• [Problem to solve]:
For the entries below, say how many lines include the word "image" and add nothing else.

-- -- --

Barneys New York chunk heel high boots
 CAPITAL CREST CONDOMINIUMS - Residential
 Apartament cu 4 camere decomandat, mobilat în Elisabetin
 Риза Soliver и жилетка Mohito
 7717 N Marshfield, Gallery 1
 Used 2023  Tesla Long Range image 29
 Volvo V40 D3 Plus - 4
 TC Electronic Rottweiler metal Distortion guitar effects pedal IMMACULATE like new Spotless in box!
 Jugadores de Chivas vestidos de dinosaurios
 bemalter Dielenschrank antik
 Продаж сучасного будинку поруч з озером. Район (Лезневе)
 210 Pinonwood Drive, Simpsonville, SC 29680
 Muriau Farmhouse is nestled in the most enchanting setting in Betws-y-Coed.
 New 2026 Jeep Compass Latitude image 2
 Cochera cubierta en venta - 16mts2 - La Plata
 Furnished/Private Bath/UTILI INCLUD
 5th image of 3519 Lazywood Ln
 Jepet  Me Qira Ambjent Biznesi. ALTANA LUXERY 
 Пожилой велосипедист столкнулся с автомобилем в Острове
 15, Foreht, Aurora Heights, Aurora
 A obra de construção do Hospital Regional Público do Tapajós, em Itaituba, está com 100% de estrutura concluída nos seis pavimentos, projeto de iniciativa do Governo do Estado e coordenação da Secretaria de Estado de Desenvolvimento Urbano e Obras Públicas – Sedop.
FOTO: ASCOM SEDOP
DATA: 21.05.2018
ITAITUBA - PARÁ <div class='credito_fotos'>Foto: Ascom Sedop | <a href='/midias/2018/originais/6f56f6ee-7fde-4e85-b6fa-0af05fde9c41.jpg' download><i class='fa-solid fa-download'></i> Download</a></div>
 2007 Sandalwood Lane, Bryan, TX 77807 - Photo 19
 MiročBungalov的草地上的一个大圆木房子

-- -- --

• [Worked solution]:
3